Children at Risk: Protecting New York City’s Youths, 1653-2003
New-York Historical Society, 2003
Children at Risk: Protecting New York City’s Youths, 1653-2003
Children at Risk examined New York City’s history as home to generations of impoverished young people, and as an incubator of ideas and institutions seeking to improve their lives. The project’s challenge was to narrate the evolution of public responses to juvenile poverty – from Dutch orphan masters and evangelical asylum builders to Progressive social workers and government agencies-- without losing sight of the humanity, labor, and street life of young New Yorkers across time.

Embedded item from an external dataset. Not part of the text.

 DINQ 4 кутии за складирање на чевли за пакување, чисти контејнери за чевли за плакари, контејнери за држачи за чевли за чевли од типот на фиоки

The exhibition's object list interspersed apprentices’ contracts from colonial New York with antique dolls from the Lower East Side, promotional literature for the Children’s Aid Society’s “orphan trains” with a century-old shoeshine box from Manhattan streets, and photographs by Jacob Riis, Lewis Hine, Bruce Davidson, and Helen Stummer. Quotations from Lydia Maria Child, Anthony Comstock, Jonathan Kozol, and Harpo Marx inscribed on the gallery walls evoked changing viewpoints as well as the continuing needs of poor children. In 2003, three out of every ten New York City children under age 18 were living below the federal poverty line. Designed by Rob Del Bagno.